Friday, July 25, 2014


Here is a lovely photo of me at an art openings enjoying the wine, the cheese, the talking about art. Sure, it looks like a dream life that day, but rarely do artists talk about what went into the opening. No, I am not talking about marketing, or struggling to find time in your studio - I am talking about getting accepted. Not just for juried shows, but for grants, residencies, galleries, fellowships, solo show exhibits, publications. 

There is nothing worse than waiting to hear about that result -  a grant application, a fellowship application, a residency application. I feverishly check my email hourly on the day of the published announcement. Then the email arrives and I open to this:

We appreciate all the effort you put into the application proposal and thank you for giving us the opportunity to see your work. Unfortunately your proposal was not selected for funding. 

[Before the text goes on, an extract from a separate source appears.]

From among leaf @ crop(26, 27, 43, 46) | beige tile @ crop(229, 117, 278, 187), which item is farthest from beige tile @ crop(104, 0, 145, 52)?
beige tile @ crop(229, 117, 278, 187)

We regret to inform you that your submission was not selected

It is without a doubt completely disheartening to read. No matter what successes you have had in the past, your worth seems to rest upon that email or letter received at this moment. To read many of these a month is paramount to jumping out of a window. Recently, I read a post on Facebook about a fellow artist  friend who was very frustrated with a recent rejection. I thought what would I say to this person because I have been there, too. 

Here’s what I do: 

1   I step back and re-evaluate for what opportunity I was applying. I find it very helpful when the organization published  has published the “winners.”  I will soon discover that I was not a good fit for them. In other words, the committee selected all digital work, or traditional landscapes. Sometimes, it seems that I should have been selected. When I look at the work objectively, I think I should have been there.  If this is the case, I will place the application in a folder to reapply. Sometimes reapplying helps the cause. Maybe I haven’t had enough experience yet for that particular position. Maybe I need to fill out more applications to get really good at it.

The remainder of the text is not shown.